ACTIVITY:
All of the data should be output character for character, except the pictures.

GIVEN MATERIAL:

┌──

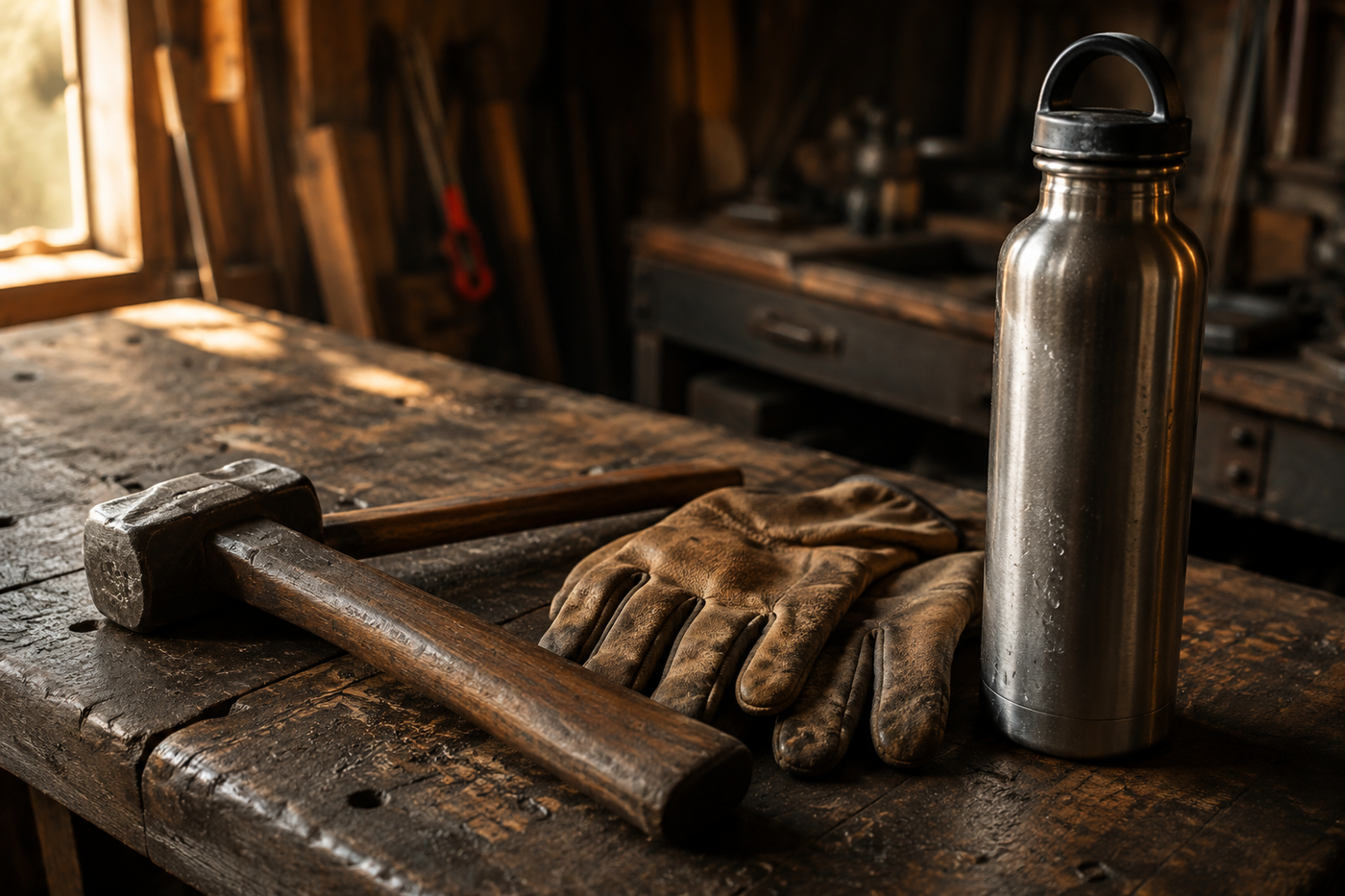 Steel hammer, work gloves, and a water bottle on a workbench representing an all-day natural performance stack for working men over 30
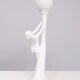 Art Deco White Ceramic naked Woman lamp Globe Italy 1970s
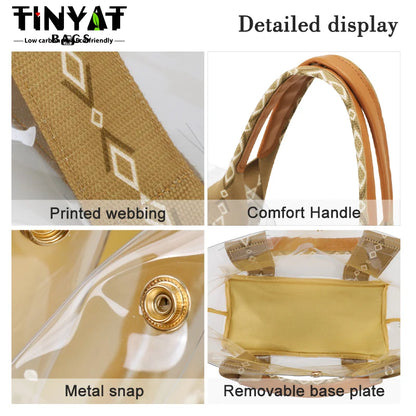 TINYAT Khaki Bohemian Style Clear PVC Tote Bag for Women, Transparent Shopper Clutch Purse for Daily Use and Music Festivals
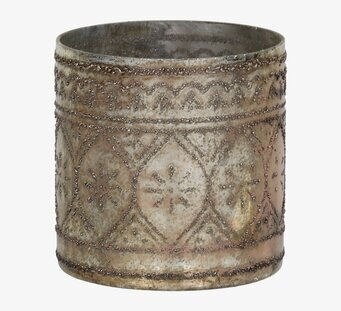 Bild av ljuslykta med antik kopparfinish och mönster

└──

WRITTEN RESPONSE:
 Steel hammer, work gloves, and a water bottle on a workbench representing an all-day natural performance stack for working men over 30
 Art Deco White Ceramic naked Woman lamp Globe Italy 1970s
 TINYAT Khaki Bohemian Style Clear PVC Tote Bag for Women, Transparent Shopper Clutch Purse for Daily Use and Music Festivals
 Bild av ljuslykta med antik kopparfinish och mönster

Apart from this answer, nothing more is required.